Only the lines below from the one containing "Breakdance B-Boy Dance" through the one containing "Ensemble matelas mousse" belong in the answer, repeated exactly and without pictures.

----- Data listing

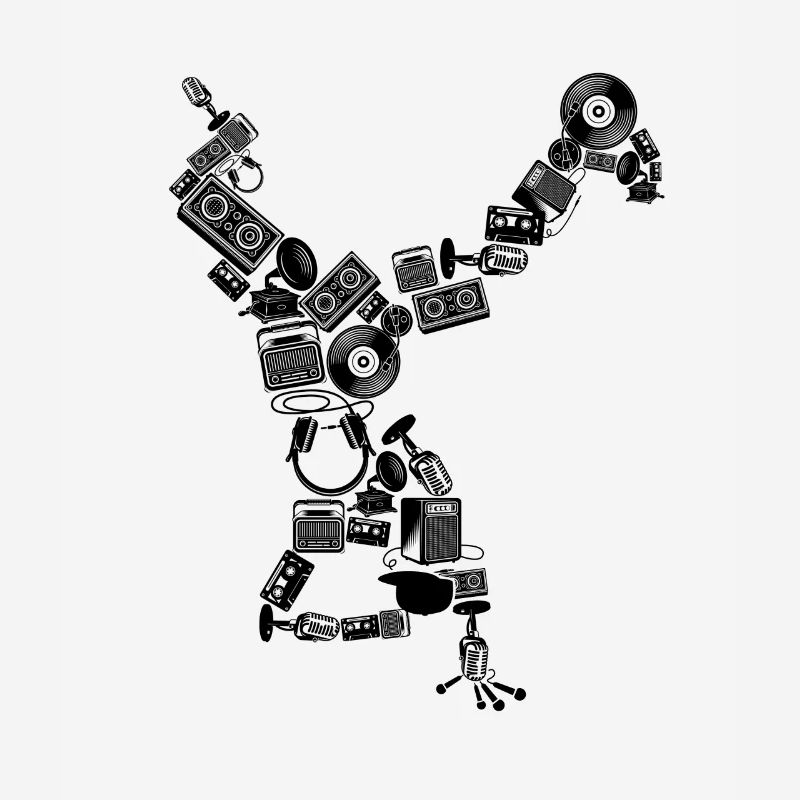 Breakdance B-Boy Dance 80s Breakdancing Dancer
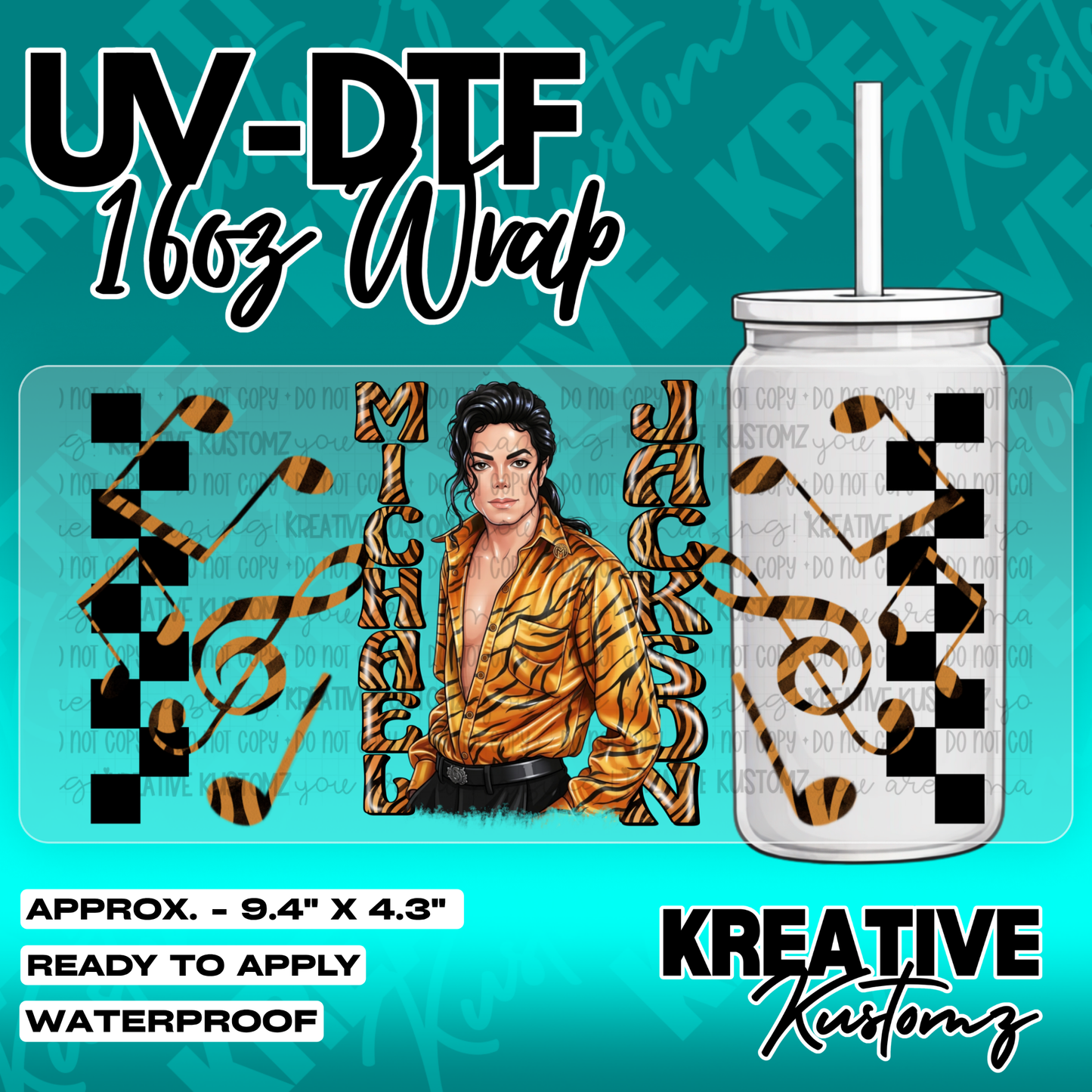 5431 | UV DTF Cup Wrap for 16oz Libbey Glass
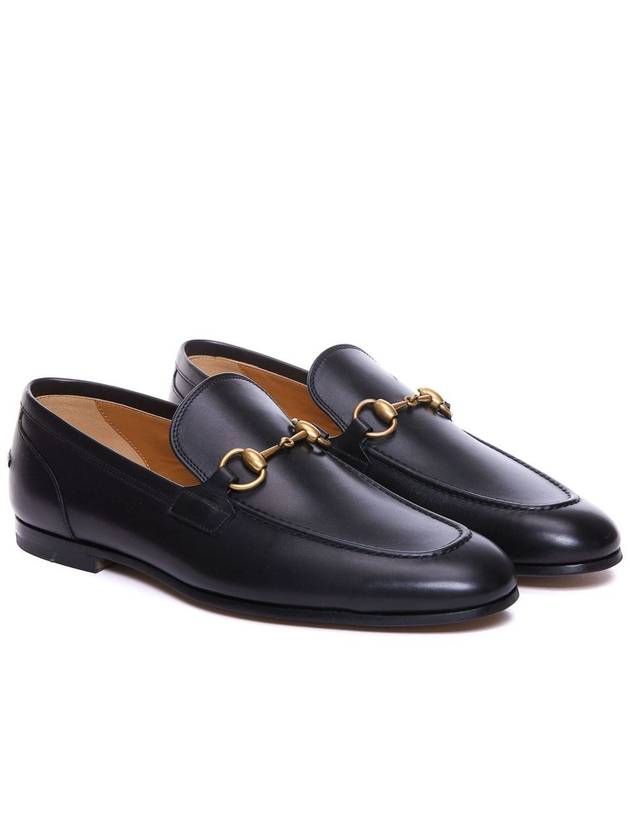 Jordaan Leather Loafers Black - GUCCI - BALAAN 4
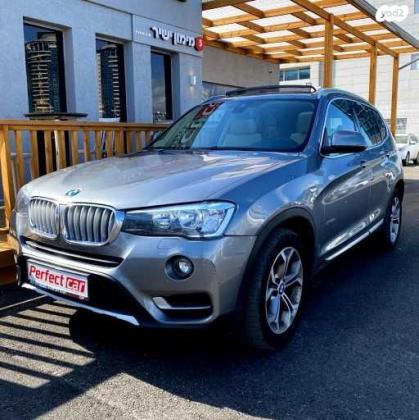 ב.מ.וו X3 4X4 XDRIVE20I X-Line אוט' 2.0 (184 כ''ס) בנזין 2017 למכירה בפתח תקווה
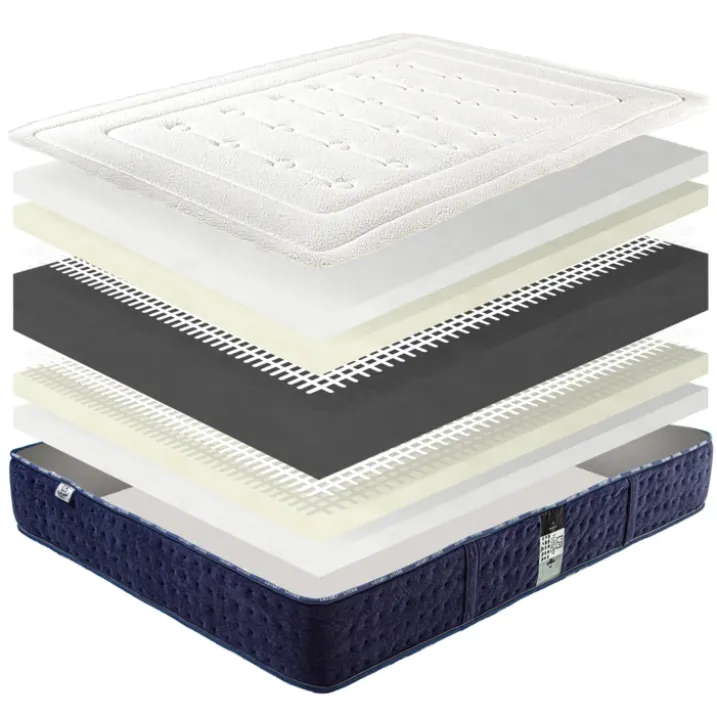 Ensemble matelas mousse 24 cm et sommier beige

----------
----- Data listing

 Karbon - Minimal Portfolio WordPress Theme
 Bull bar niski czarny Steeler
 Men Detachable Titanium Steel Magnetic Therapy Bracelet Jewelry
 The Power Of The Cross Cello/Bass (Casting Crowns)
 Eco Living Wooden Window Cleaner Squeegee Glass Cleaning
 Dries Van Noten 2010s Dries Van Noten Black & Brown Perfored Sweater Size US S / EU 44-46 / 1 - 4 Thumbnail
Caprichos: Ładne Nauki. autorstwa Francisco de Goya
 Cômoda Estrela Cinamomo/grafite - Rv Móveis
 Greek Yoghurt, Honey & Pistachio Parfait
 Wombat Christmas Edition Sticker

----------

Task response:
 Breakdance B-Boy Dance 80s Breakdancing Dancer
 5431 | UV DTF Cup Wrap for 16oz Libbey Glass
 Jordaan Leather Loafers Black - GUCCI - BALAAN 4
 ב.מ.וו X3 4X4 XDRIVE20I X-Line אוט' 2.0 (184 כ''ס) בנזין 2017 למכירה בפתח תקווה
 Ensemble matelas mousse 24 cm et sommier beige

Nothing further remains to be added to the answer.